Nusselt number and friction factor in thermally stratified turbulent channel flow under Non-Oberbeck–Boussinesq conditions

•We study stably-stratified turbulent channel flow.•We analyze the role of temperature-dependent fluid properties on heat/momentum transfer rates.•We analyze the implications of temperature-dependent fluid properties on mixing efficiency and on turbulent Prandtl number.•We develop a simple model for heat transfer prediction in stratified flows.

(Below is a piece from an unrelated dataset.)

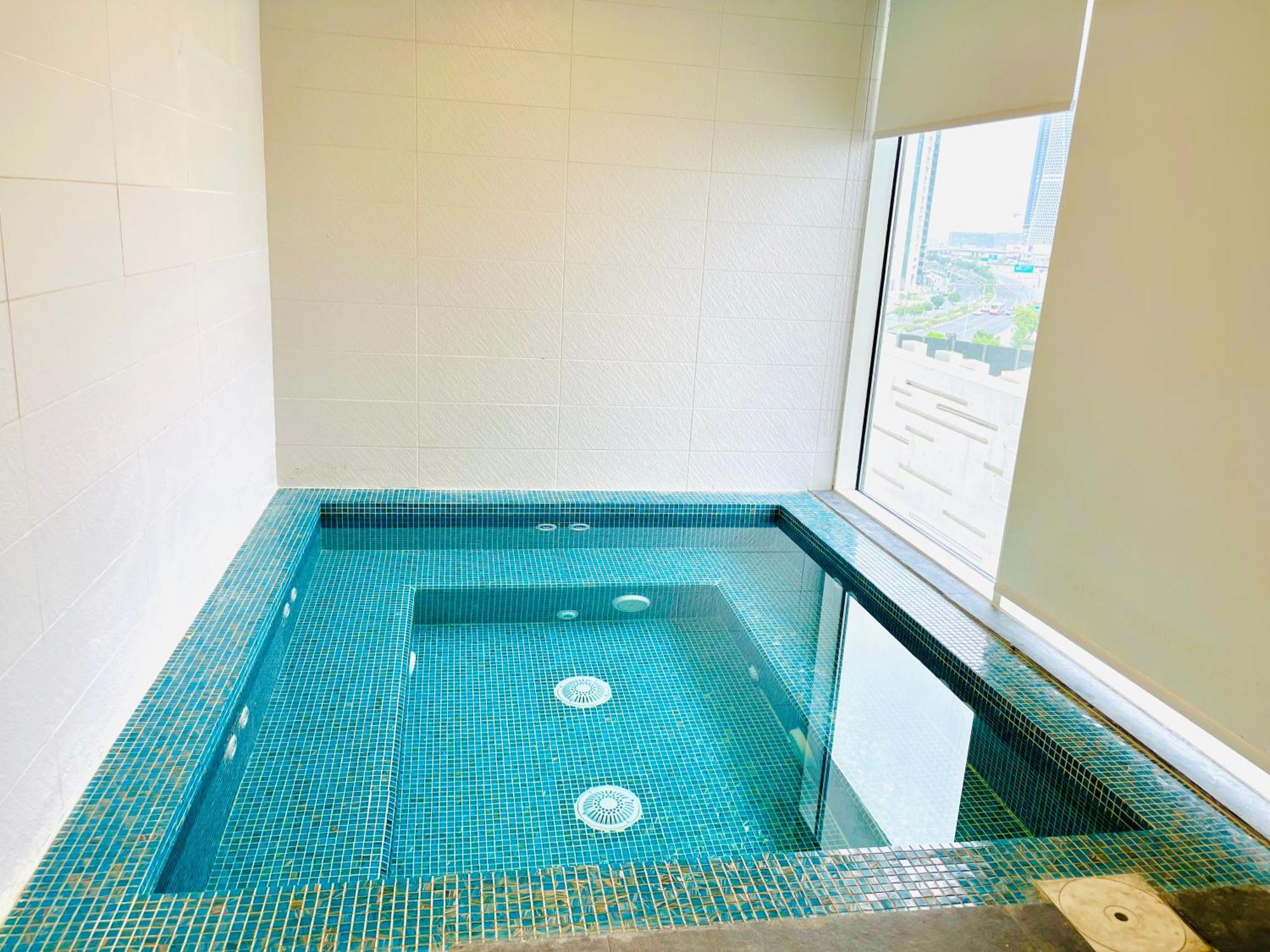 Marvellous Burj Khalifa View Studio, In Downtown Apartment *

In stably stratified turbulence, computations under Oberbeck–Boussinesq (OB) hypothesis of temperature-independent fluid properties may lead to inaccurate representation of the flow field and to wrong estimates of momentum/heat transfer coefficients. This is clearly assessed here comparing direct numerical simulations of stratified turbulence under OB conditions to simulations under NOB (Non-Oberbeck–Boussinesq) conditions of temperature-dependent fluid viscosity and thermal expansion coefficient. Compared to the OB case, NOB conditions may induce local flow relaminarization with significant variations (up to 30%) of heat and momentum transfer coefficients. Together with DNS results, we propose a phenomenological model (based on turbulent bursts) for heat transfer prediction in stratified turbulence under OB and NOB conditions. Implications of NOB assumptions on mixing efficiency (i.e. flux Richardson number Rif) and turbulent Prandtl number (Prt) are also discussed. These results are of specific importance in RANS modelling, where the condition Prt = 1 is usually assumed (Reynolds analogy). Although this assumption is valid in some situations (i.e. boundary layer, pipe flow) there is uncertainty about its validity for stably-stratified turbulence. We demonstrate that this assumption is inaccurate when NOB effects become significant.